• **What to produce**
Restate, word for word, the lines from the opening line of the data through the line containing "alle Camere per", both included, and nothing else.

• **Given records**
= = =

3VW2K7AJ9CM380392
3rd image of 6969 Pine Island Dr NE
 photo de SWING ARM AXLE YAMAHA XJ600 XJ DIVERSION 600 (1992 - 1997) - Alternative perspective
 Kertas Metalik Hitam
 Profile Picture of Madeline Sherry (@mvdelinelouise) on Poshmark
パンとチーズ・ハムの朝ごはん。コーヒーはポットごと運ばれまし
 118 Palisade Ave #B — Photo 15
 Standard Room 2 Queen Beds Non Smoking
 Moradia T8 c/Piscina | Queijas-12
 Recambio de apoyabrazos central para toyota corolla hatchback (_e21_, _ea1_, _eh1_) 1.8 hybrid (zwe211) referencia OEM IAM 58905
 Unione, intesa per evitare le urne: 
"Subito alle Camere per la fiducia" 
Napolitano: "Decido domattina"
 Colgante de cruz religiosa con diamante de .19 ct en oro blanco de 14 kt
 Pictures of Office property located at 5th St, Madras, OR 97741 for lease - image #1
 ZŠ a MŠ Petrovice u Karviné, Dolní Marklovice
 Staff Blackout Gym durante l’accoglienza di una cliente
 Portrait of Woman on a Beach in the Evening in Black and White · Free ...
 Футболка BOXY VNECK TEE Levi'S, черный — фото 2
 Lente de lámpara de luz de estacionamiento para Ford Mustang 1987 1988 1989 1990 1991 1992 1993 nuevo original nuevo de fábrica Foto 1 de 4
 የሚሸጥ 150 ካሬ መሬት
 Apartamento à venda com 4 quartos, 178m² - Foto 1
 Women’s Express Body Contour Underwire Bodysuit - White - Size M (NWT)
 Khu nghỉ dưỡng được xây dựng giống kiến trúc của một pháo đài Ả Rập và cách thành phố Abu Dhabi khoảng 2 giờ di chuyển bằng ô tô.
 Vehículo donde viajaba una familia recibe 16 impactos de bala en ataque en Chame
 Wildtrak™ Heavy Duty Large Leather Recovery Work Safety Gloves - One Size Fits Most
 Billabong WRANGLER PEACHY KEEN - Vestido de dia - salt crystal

= = =

• **Answer space**
3VW2K7AJ9CM380392
3rd image of 6969 Pine Island Dr NE
 photo de SWING ARM AXLE YAMAHA XJ600 XJ DIVERSION 600 (1992 - 1997) - Alternative perspective
 Kertas Metalik Hitam
 Profile Picture of Madeline Sherry (@mvdelinelouise) on Poshmark
パンとチーズ・ハムの朝ごはん。コーヒーはポットごと運ばれまし
 118 Palisade Ave #B — Photo 15
 Standard Room 2 Queen Beds Non Smoking
 Moradia T8 c/Piscina | Queijas-12
 Recambio de apoyabrazos central para toyota corolla hatchback (_e21_, _ea1_, _eh1_) 1.8 hybrid (zwe211) referencia OEM IAM 58905
 Unione, intesa per evitare le urne: 
"Subito alle Camere per la fiducia" 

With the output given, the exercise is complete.